モノの価値を「見える化」する新しい家計管理
年末が近づくと、多くの家庭で大掃除が始まります。クローゼットの奥、押し入れの隅、物置の棚。普段は目を向けない場所から、「そういえば、これ何年も使っていないな」というモノが次々と現れてきます。
こうした「使っていないけれど、なんとなく置いてあるモノ」は、実は私たちが想像する以上の価値を持っているかもしれません。
株式会社メルカリの依頼で監修した「2025年版 日本の家庭に眠る"かくれ資産"調査」では、1年以上使用しておらず、理由なく家庭内に保管しているモノを「不要品」とし、その価値を金額換算したところ、日本全国で推計約91兆円、国民一人あたり平均約71.5万円にのぼることが明らかになりました。
これは、家計簿には現れない、けれども確かに存在する「暮らしの資産」です。
「かくれ資産」91兆円が示すもの
私たちは通常、家計を管理する際、預金残高や投資資産の増減には敏感です。しかし、家庭の中に眠るモノの価値については、なかなか意識が向きません。
今回の調査で明らかになった91兆円という数字は、金融資産だけでは捉えきれない「暮らしの資産」の大きさを物語っています。
この「かくれ資産」の内訳を見ると、最も大きな割合を占めるのは「ファッション用品」(33.6%)で、次いで「ホビー・レジャー」(22.2%)、「書籍・音楽・ゲーム」(21.2%)、「家具・家電・小物」(20.0%)と続きます。

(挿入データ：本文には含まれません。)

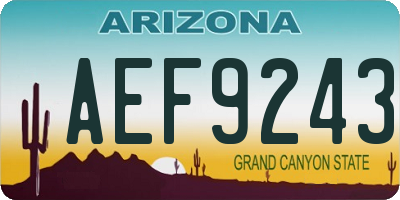 AZ license plate AEF9243
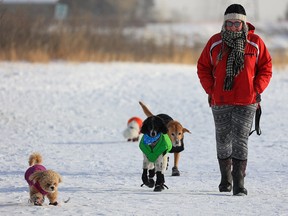 Sidney Webster was as bundled up as the dogs she walked in the -25 C weather at the River Park off-leash area in Calgary on Wednesday, January 5, 2022.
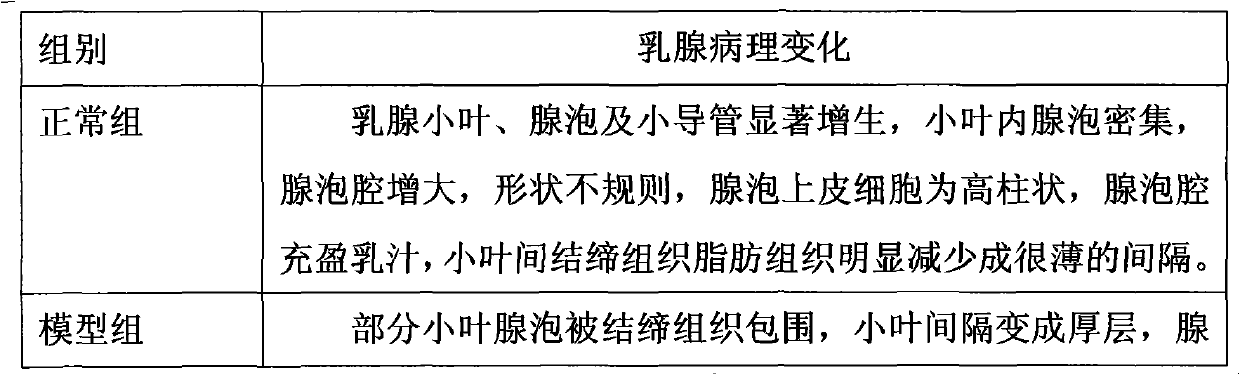 Composition with lactogenic effect and preparation method and application thereof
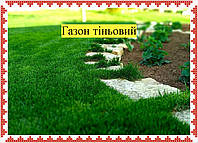Газонная трава теневая 1 кг | Теневой газон | Трава для газона | Семена газонных трав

私たちの日々の暮らしに密着したこれらのカテゴリーに、思いのほか多くの価値が蓄積されていることがわかります。
興味深いのは、年代による違いです。「かくれ資産」は年齢が高いほど増える傾向があり、60代では平均約100万円と、20代(約49万円)の2倍以上に上ります。
年齢を重ねるほど蓄積された物の価値が大きくなる傾向は、人生の各ステージで購入したモノが家庭内に留まり続けることを示しています。

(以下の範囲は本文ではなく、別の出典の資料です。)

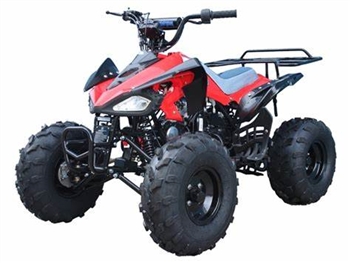 110cc Kids ATVs TaoTao cheetah Kids ATV, taotao atv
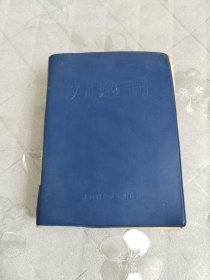 实用药物手册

子育て期に必要だった用品、かつての趣味の道具、以前の仕事で使っていたもの。ライフステージの変化とともに、使わなくなったモノが静かに積み重なっていくのです。
地域別に見ると、一人あたりの「かくれ資産」が最も多いのは中部地方で約90万円、次いで近畿地方で約81万円、中国・四国地方で約76万円となりました。

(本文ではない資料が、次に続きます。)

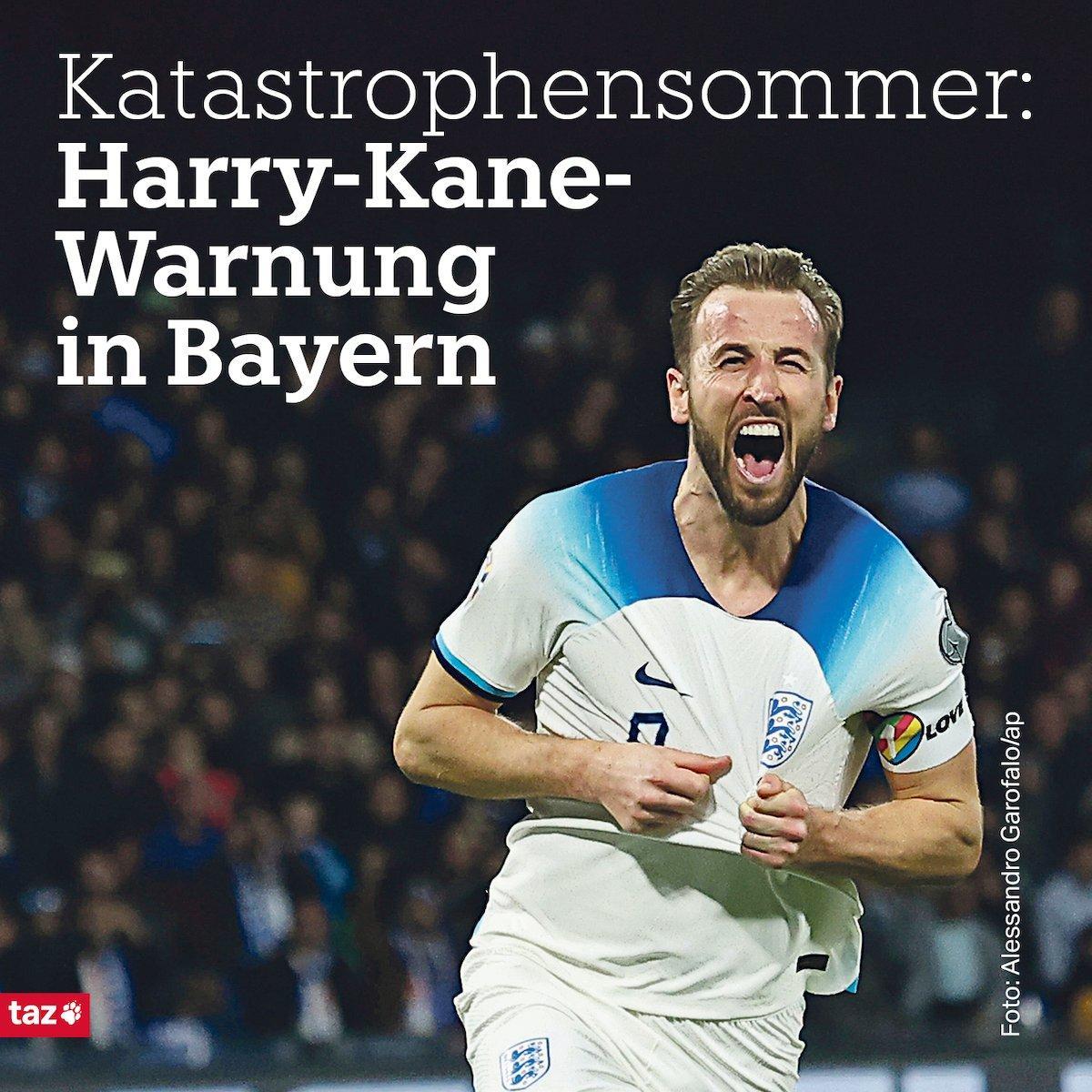 taz harry kane katastrophe - Copy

東京では約64万円と、大都市圏では相対的に少ない傾向が見られます。この違いには、住宅の広さと可処分所得という二つの要因が関係していると考えられます。
地方では都市部と比べて住宅が広く、収納スペースに余裕があることが多いため、モノを保管し続けやすい環境にあります。
一方で、可処分所得が相対的に高い地域では、モノを購入する機会も多く、結果として家庭内に蓄積されるモノの総量も増える傾向があります。
中部地方や近畿地方は、この二つの条件が重なる地域と言えるでしょう。
対照的に、東京のような大都市では、購買力があっても、住宅事情から定期的にモノを整理する必要に迫られることが多く、「かくれ資産」が相対的に少なくなっているのかもしれません。